The Holy Spirit then has to do with the very act of breathing itself. Anyone who has ever suffered from asthma or pneumonia knows how much of the essence of life breathing is. 

Therefore all practitioners of meditation begin with the act of breathing to quieten the spirit. To listen to the silence. This is not easy for a noisy world. We don’t listen well, particularly to the silence. It is no wonder we, in this part of the 20th and 21st centuries have such difficulty with spirituality. We find it hard to listen, to be quiet “to be still and know that You are God” as the Psalmist says. ~Psalm 46:10

Without the ability to listen, it will be difficult to forgive.
Without the ability to listen, we test our ability to love.
Without the ability to listen, it is impossible to be reconciled.

Our inner conflict, our conflict with others, our political conflict, indeed, much of our warfare comes from the fact that our listening skills in our time are wanting in the extreme. To the contrary our language and our speaking to one another is often strident, rude and disrespectful. How can we learn anything from one another or from God unless we listen to one another’s hearts? 

Jesus came to us in this way; to teach us to listen to the Law and to the Prophets and to his way, his truth, and his life.

On the mountaintop Elijah and Moses appeared and were speaking to one another. What a conversation that must have been! Elijah representing the prophets, Moses representing the Law, and Jesus representing God made flesh and blood together. 



Peter, representing us; said “Let’s make some dwellings, “lean to’s” if you will” not knowing what to say. 

Lets face it, in the Presence of God, we don’t have much to say and need to have the sense to just be quiet. And my friends, we are always in the Presence of God. We don’t have anything to say. Thankfully the Church gives us an approach to the throne of grace in the Word of God and in the Eucharist. God has much to say, but the only way we can hear it, is to listen.

That is why the practitioners of Christians Spirituality begin with the Silence. We begin with the Spirit. We begin with the breath God breathed into us in the very first moments at the creation. 
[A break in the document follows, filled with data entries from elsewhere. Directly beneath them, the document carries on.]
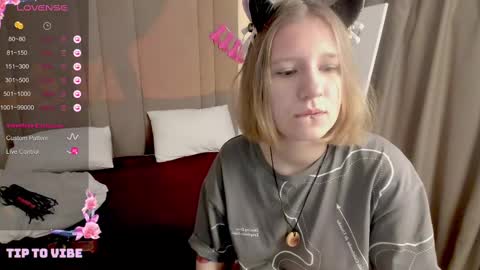 Hailey online show from 03-01-25, 03:10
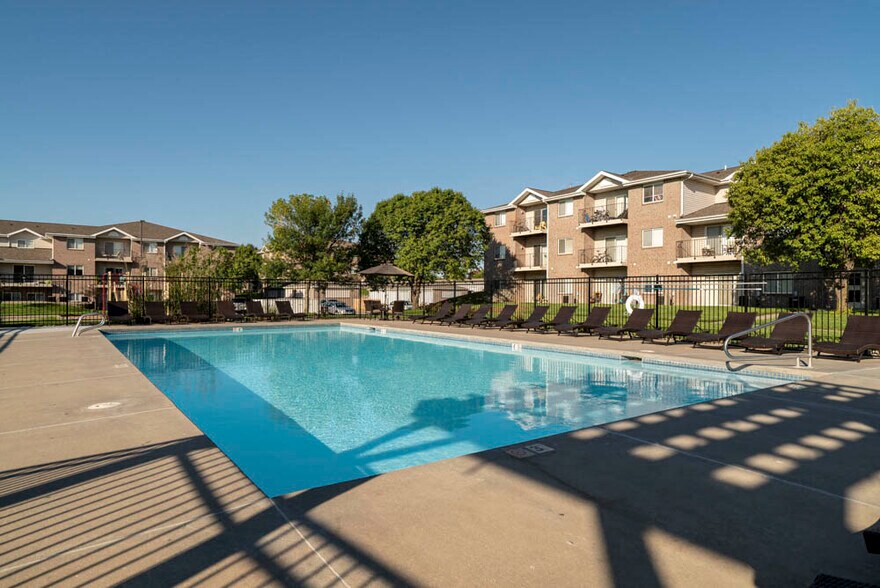 Highland View Apartments 4441 N 1st St Lincoln NE 68521 Apartment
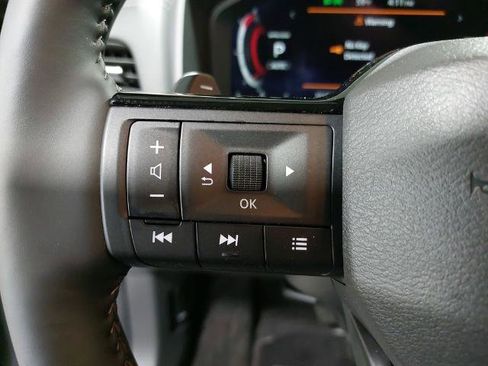 Certified 2025 Nissan Rogue SL AWD/4WD image 17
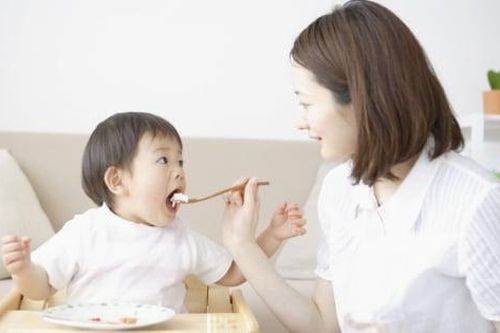 Trẻ ăn cơm sớm có tốt không, bao nhiêu tháng cần cho ăn dặm?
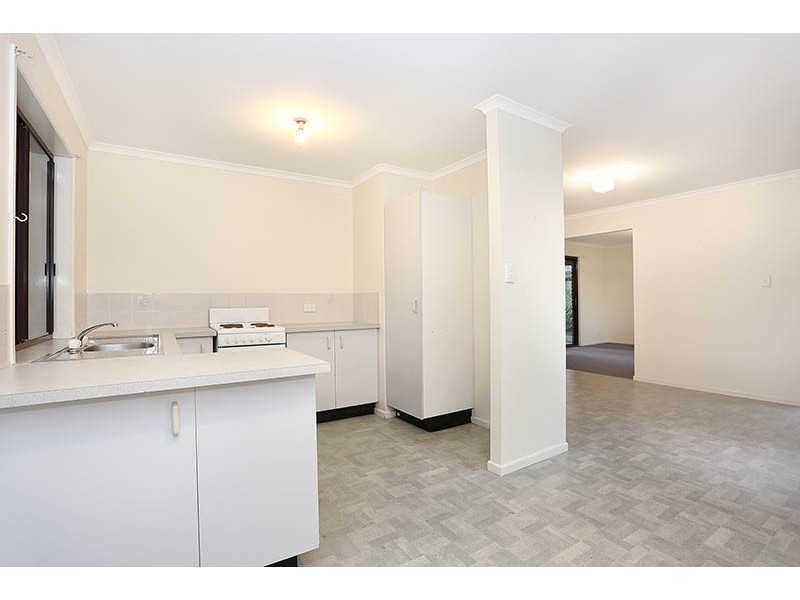 6 Chantilly Crescent, Beerwah QLD 4519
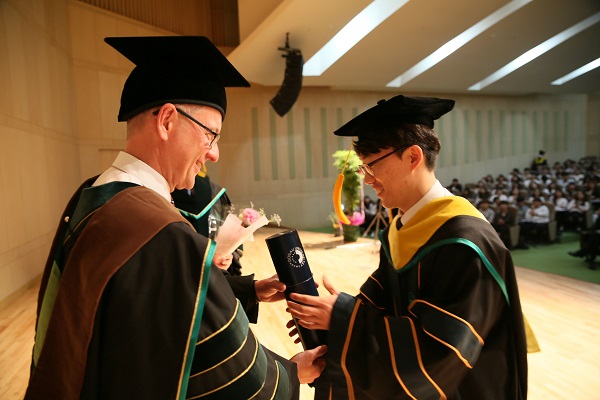 ▲ 다뉴브대 파울함머 총장이 졸업생에게 졸업증서를 전달하고 있다.ⓒ건양대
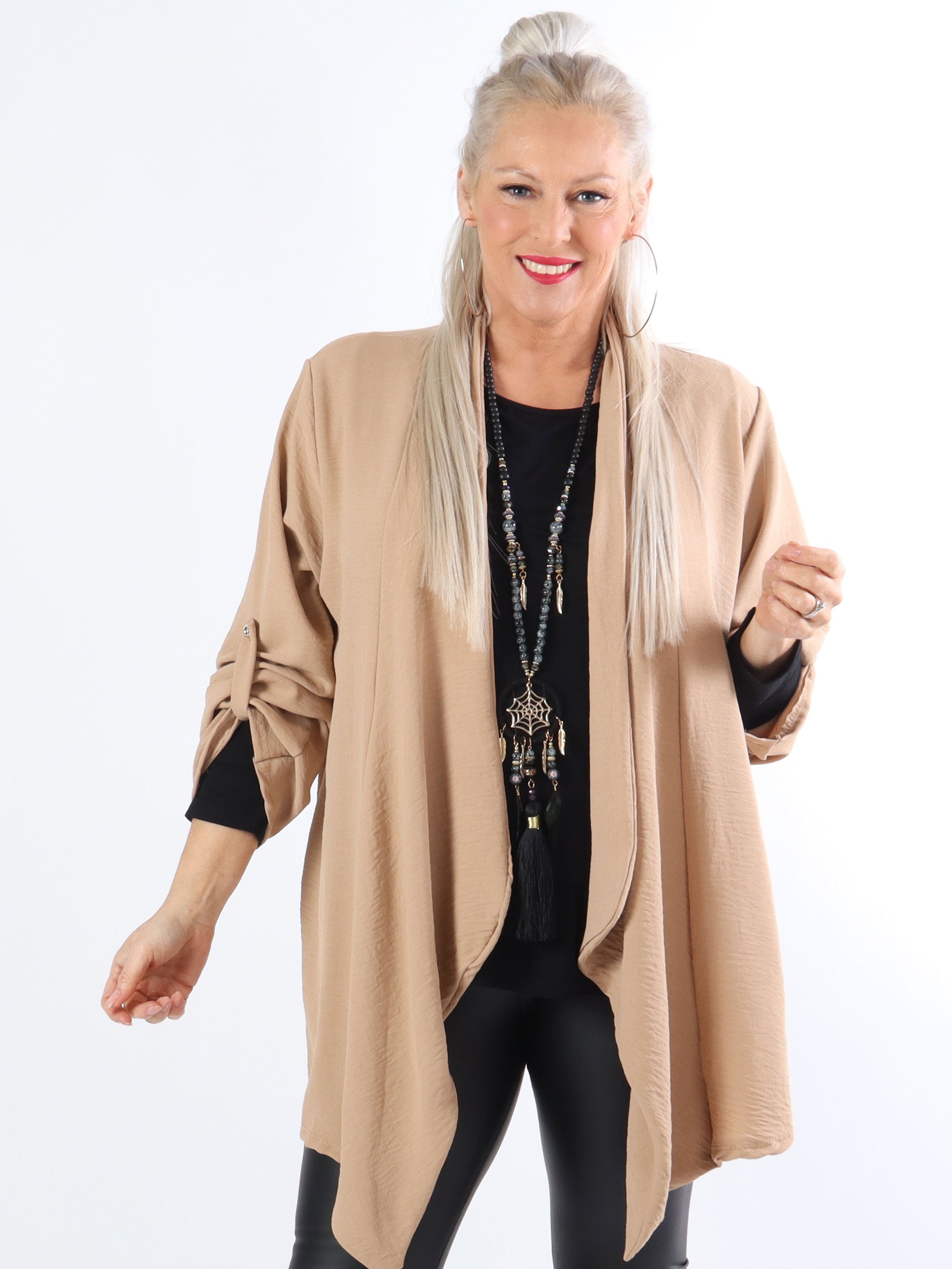 Dream - Enkel plus size cardigan i let og fint stof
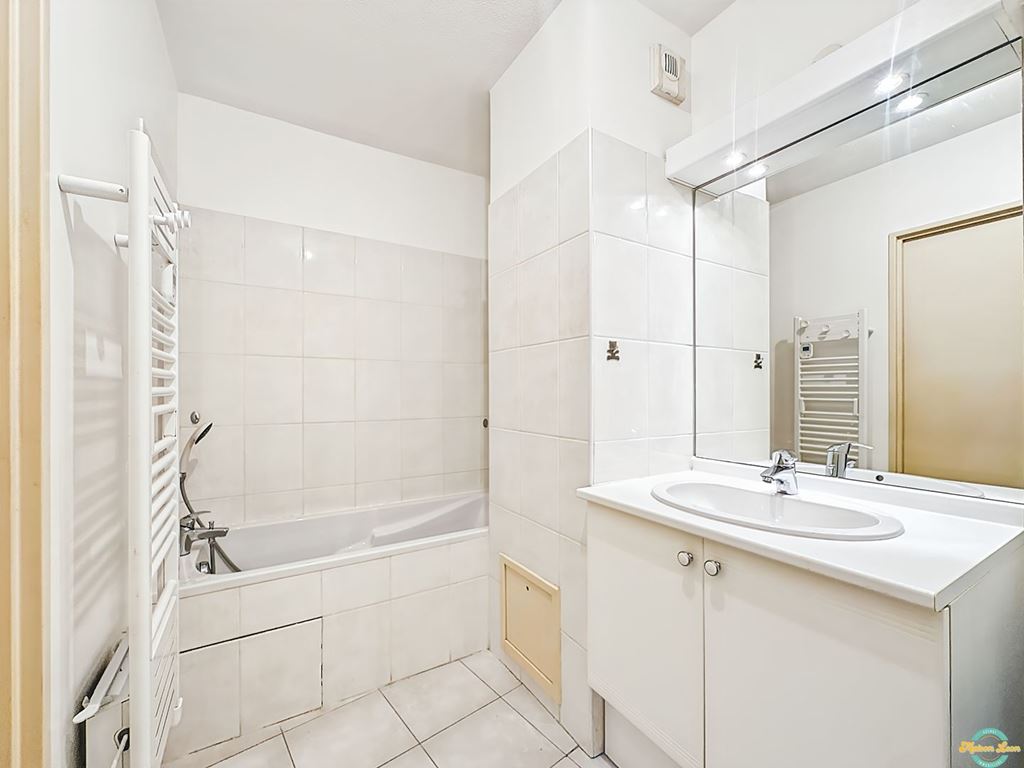 Appartement T2 BOURGOIN JALLIEU (38300) Maison LEON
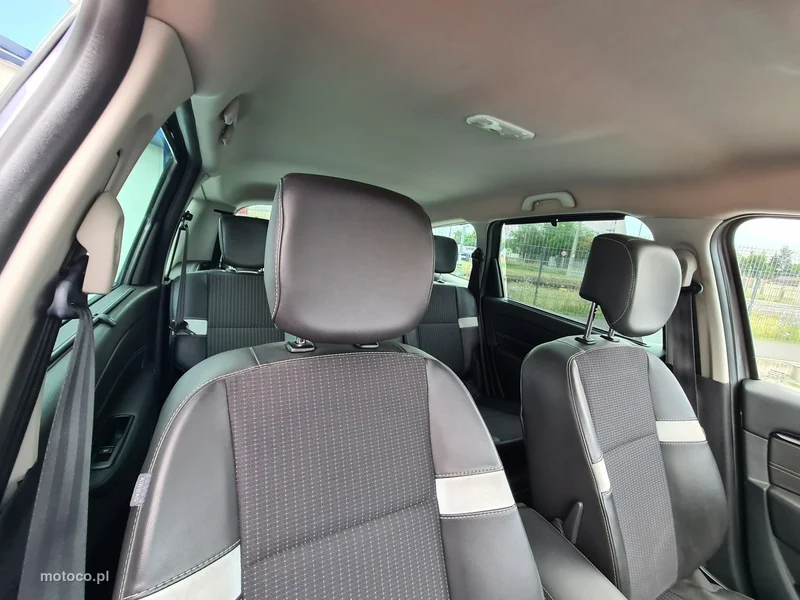 Renault Grand Scenic II 25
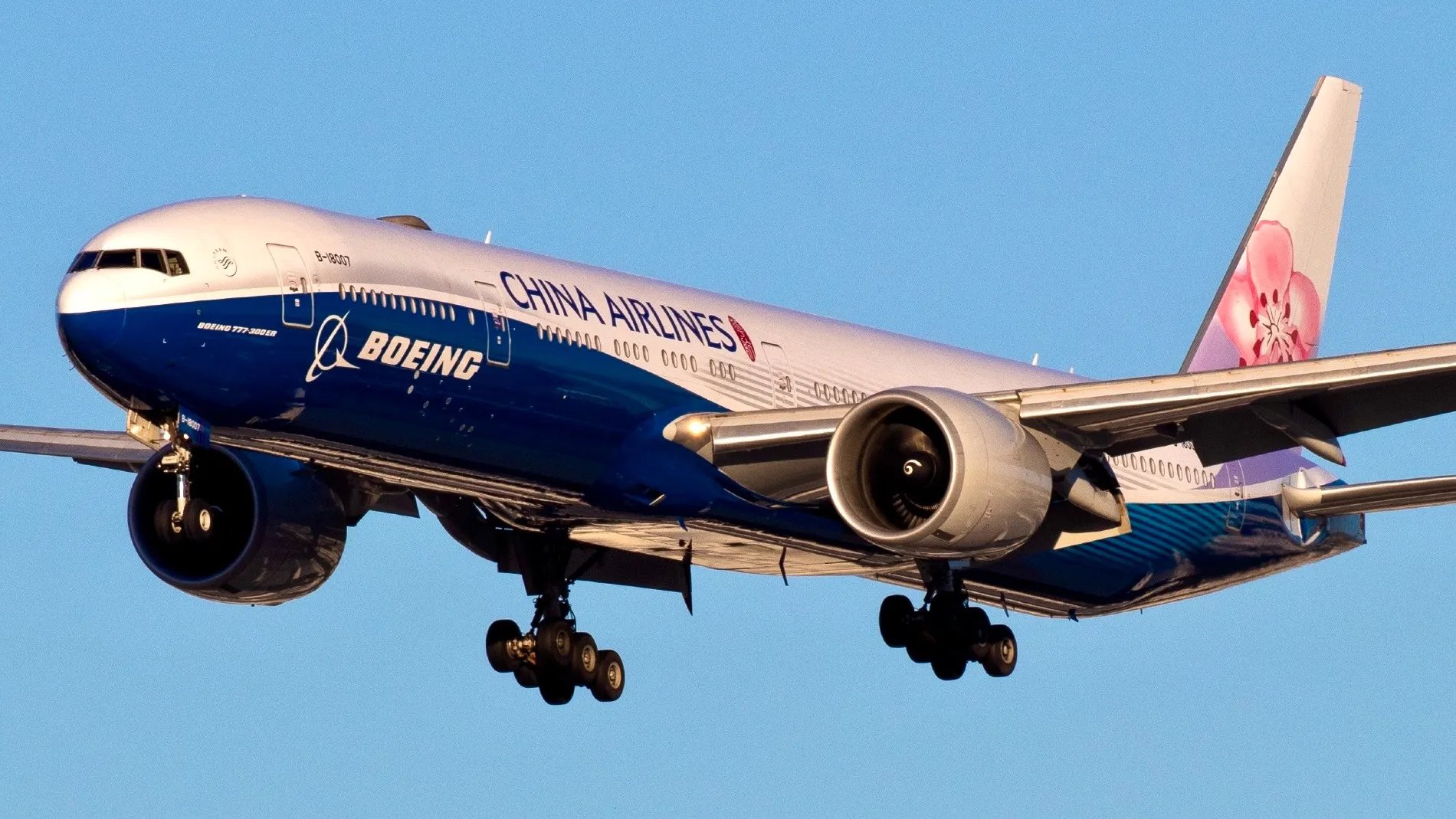 Cang Thang Ha Nhiet Trung Quoc Noi Lai Viec Tiep Nhan May Bay Boeing 1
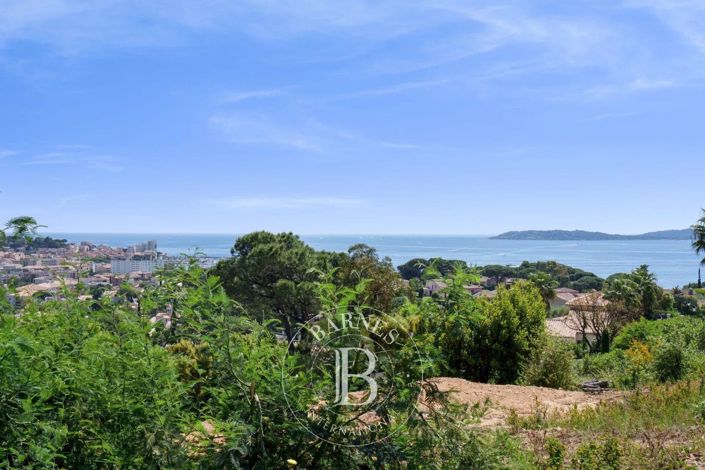 Image No.5-5 Bed House for sale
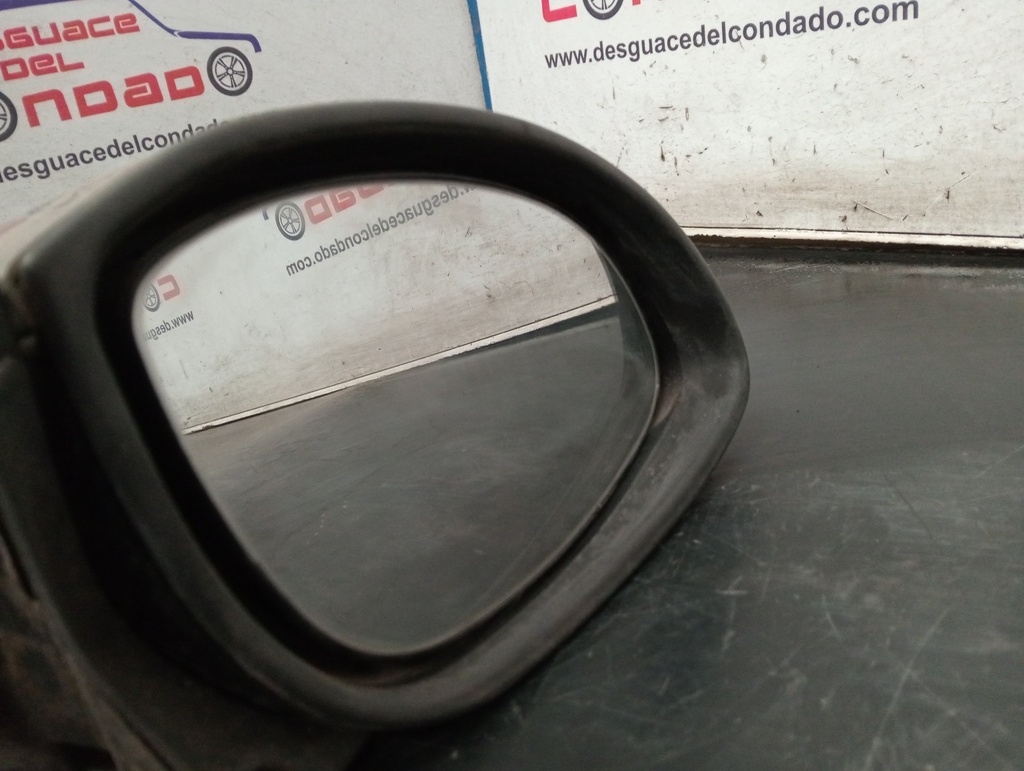 RETROVISOR DERECHO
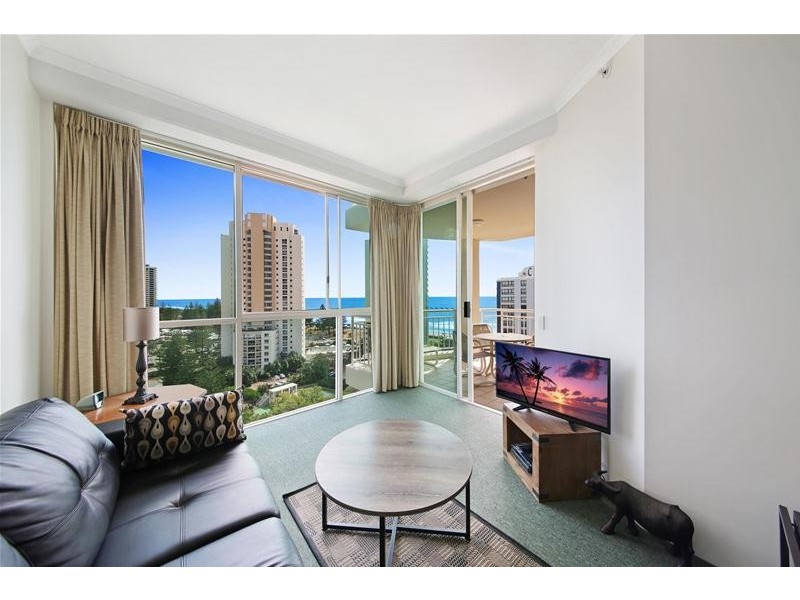 ‘MALDIVES’ 46 Pacific Street, Main Beach QLD 4217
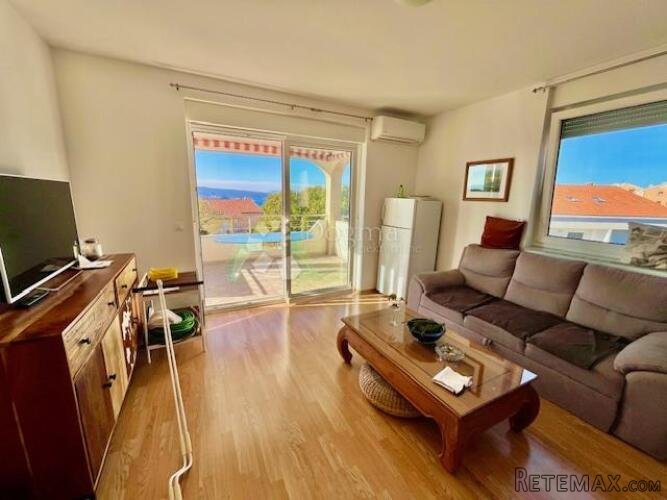 Ekskluzivno samo u Dogmi!CRIKVENICA,stan 70m2 sa terasom i p - 3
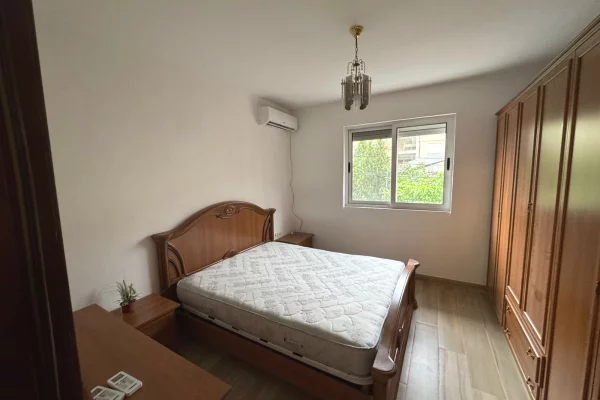 Shtepi me qera Apartament ne Tirane, 2+1, Mobilimi E mobiluar, Pagesa 40,000  Leke.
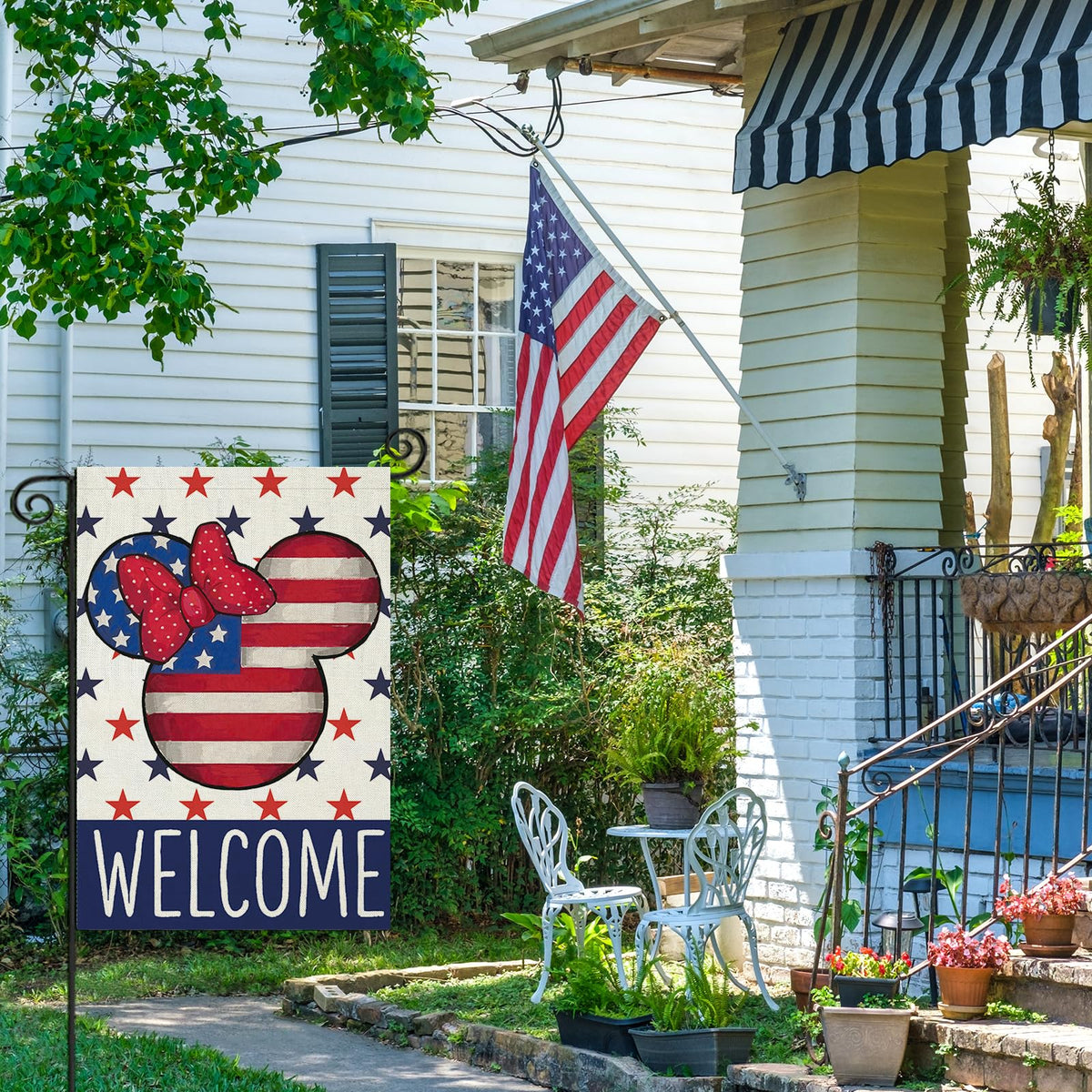 EKOREST High-quality polyester flag, UV fade-resistant for outdoor use.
We discover in our breath and more significantly, God’s breath within us, that we “live and move and have our being.” ~Acts 17:28 

Not only is my spirit and my breath my connection to God, it is also our connection to one another. It is our connection to the eternal. So then, as Moses removed his shoes from his feet at the burning bush, we must do the same with one another at least figuratively, for the ground we all stand on is holy ground.

What a difference it would make to the frantic, noisy, lives so many live, it would make a difference to our politics and our history as well.

Jesus came into the world not to condemn it but that it should be saved by knowing the way to the Father; through the person of Jesus who is the Incarnate Word of God; Love, Forgiveness, Reconciliation, Mercy, Obedience and so on.  God in the flesh and Blood of Jesus taught us the Way and The Truth and the Life. 

I am not saying that it is only through Jesus that there is salvation. I am saying that it is only through the kind of life Life he lived that salvation is even possible. There can be no salvation without Love and Forgiveness, Reconciliation and Obedience, Mercy and Kindness and so on. 

This way of life is a life of Joy and Wonder. So my friends we come to the Feast Day of the Transfiguration; the Last Sunday after the Epiphany. As Jesus was transfigured before their very eyes, so as the Collect of the Day puts it; “may we be strengthened to bear our cross, and be changed into his likeness from glory to glory”.

We begin with our breathing, our listening, and with the Silence of God. This Silence, this listening will most certainly bring us to the heart of God. 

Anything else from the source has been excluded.